** Opening Input data block **

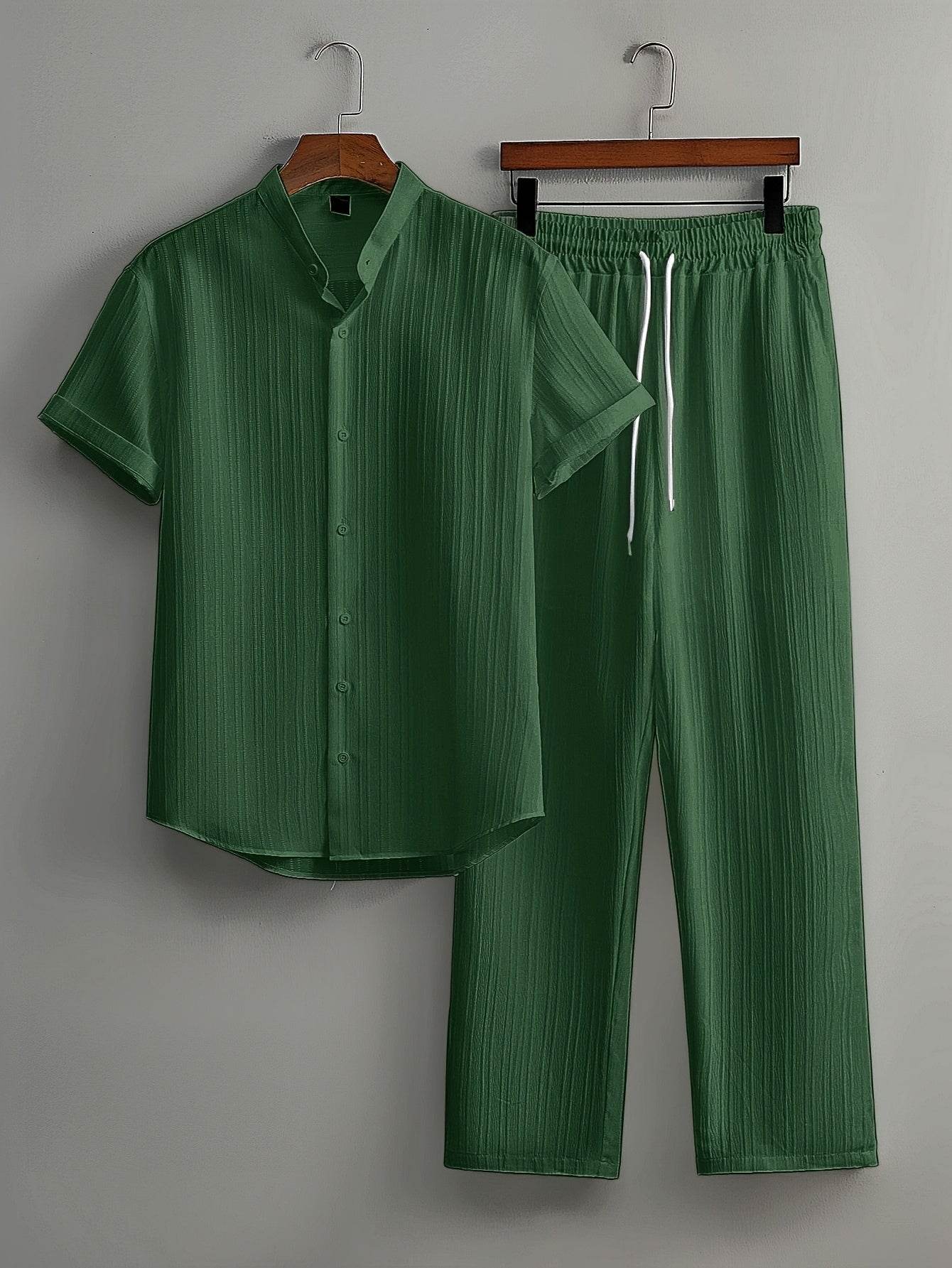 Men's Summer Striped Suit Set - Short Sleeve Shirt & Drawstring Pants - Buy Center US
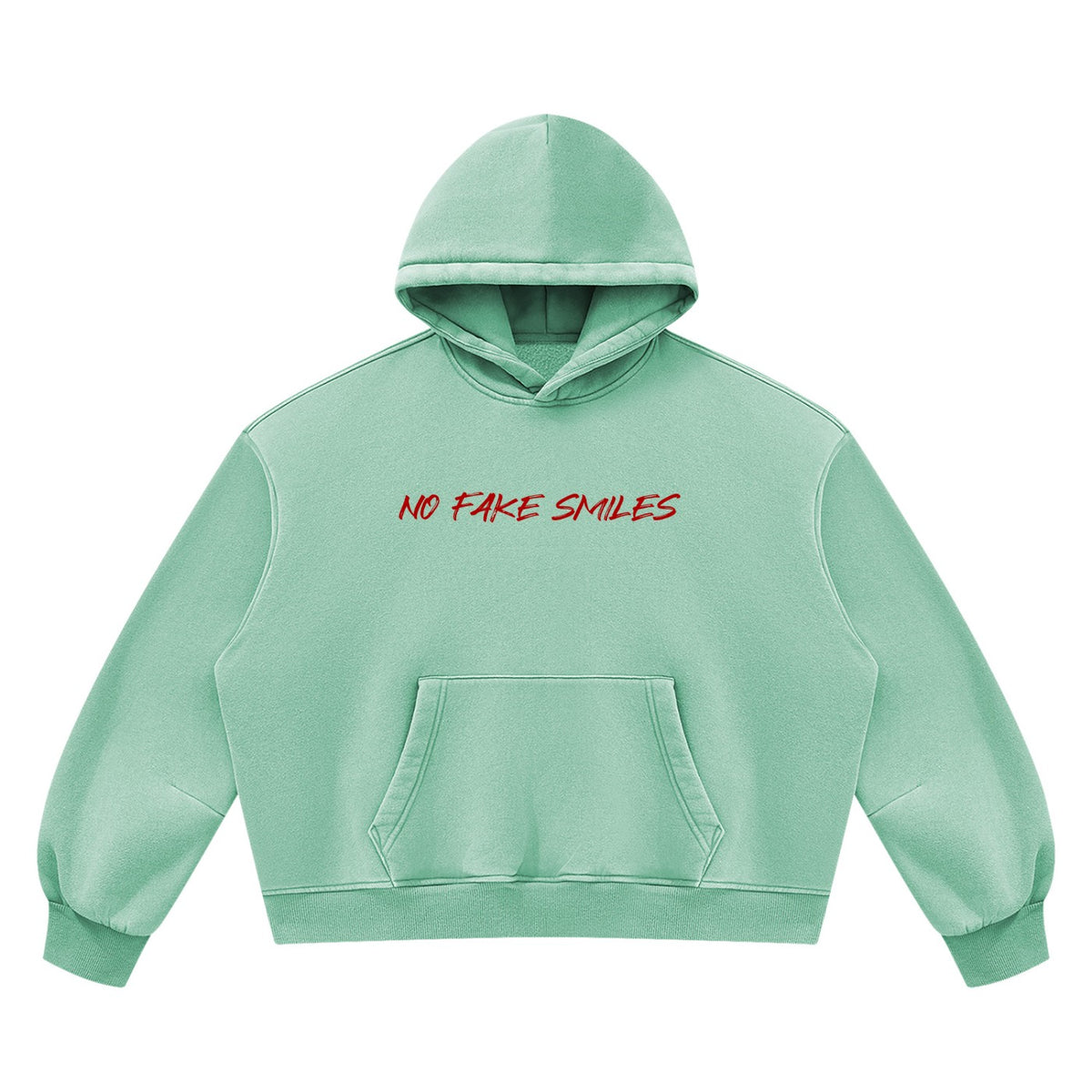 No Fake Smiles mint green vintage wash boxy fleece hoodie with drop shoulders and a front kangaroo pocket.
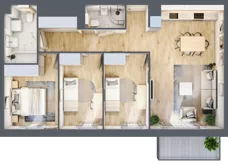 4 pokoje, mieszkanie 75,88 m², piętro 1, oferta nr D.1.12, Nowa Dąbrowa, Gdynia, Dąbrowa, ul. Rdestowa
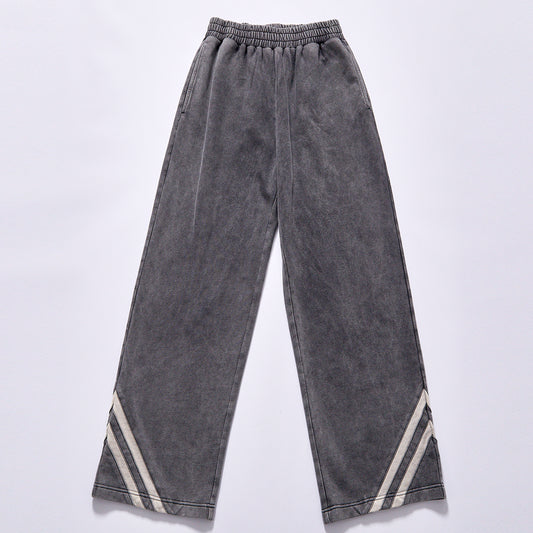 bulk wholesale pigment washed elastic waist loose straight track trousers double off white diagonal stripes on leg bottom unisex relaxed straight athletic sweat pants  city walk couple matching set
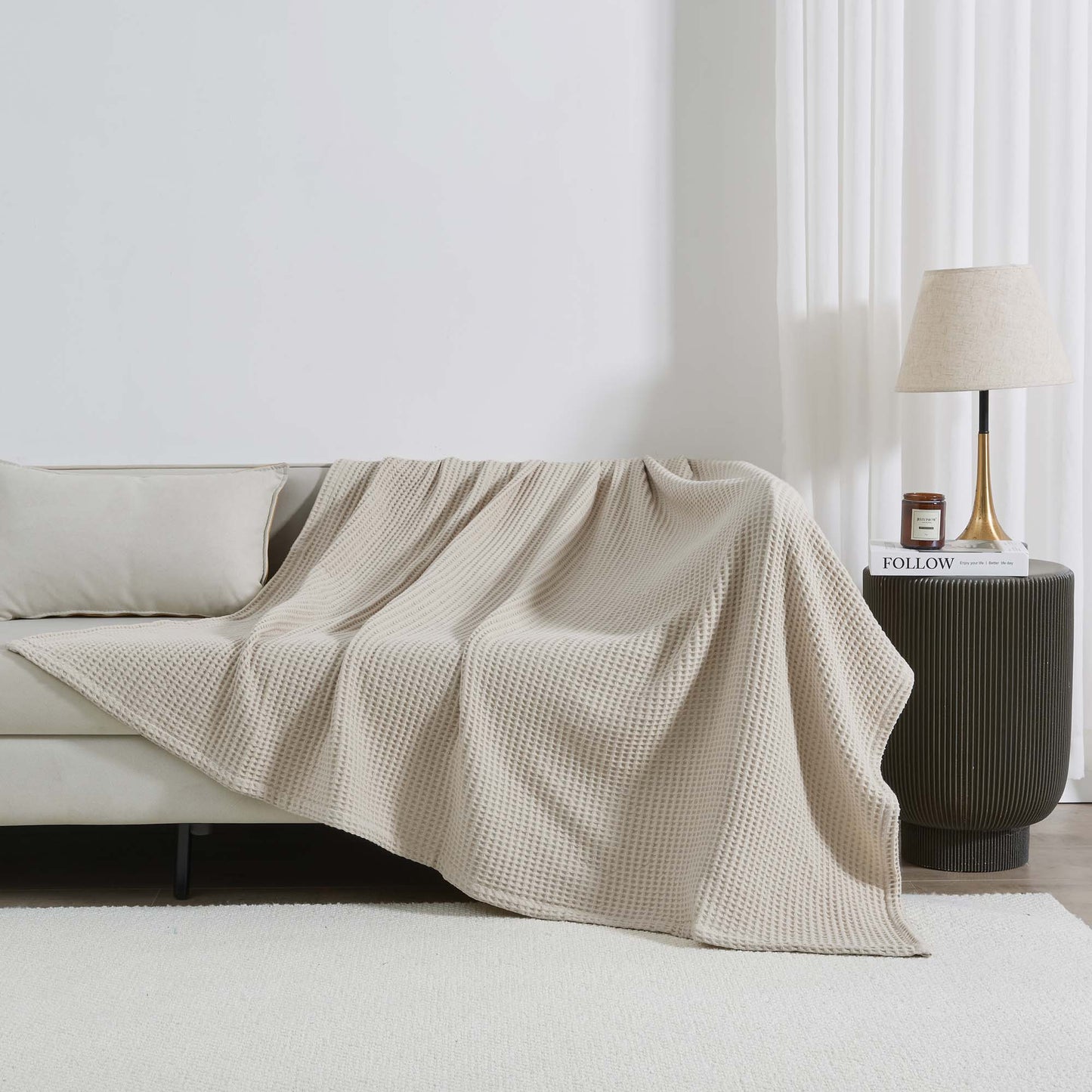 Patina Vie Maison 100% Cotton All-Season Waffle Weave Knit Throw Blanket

** Closing Input data block **

> **What needs to be done**:
Everything in the data except the pictures needs to be written out exactly.

> **Reply to the task**:
 Men's Summer Striped Suit Set - Short Sleeve Shirt & Drawstring Pants - Buy Center US
 No Fake Smiles mint green vintage wash boxy fleece hoodie with drop shoulders and a front kangaroo pocket.
 4 pokoje, mieszkanie 75,88 m², piętro 1, oferta nr D.1.12, Nowa Dąbrowa, Gdynia, Dąbrowa, ul. Rdestowa
 bulk wholesale pigment washed elastic waist loose straight track trousers double off white diagonal stripes on leg bottom unisex relaxed straight athletic sweat pants  city walk couple matching set
 Patina Vie Maison 100% Cotton All-Season Waffle Weave Knit Throw Blanket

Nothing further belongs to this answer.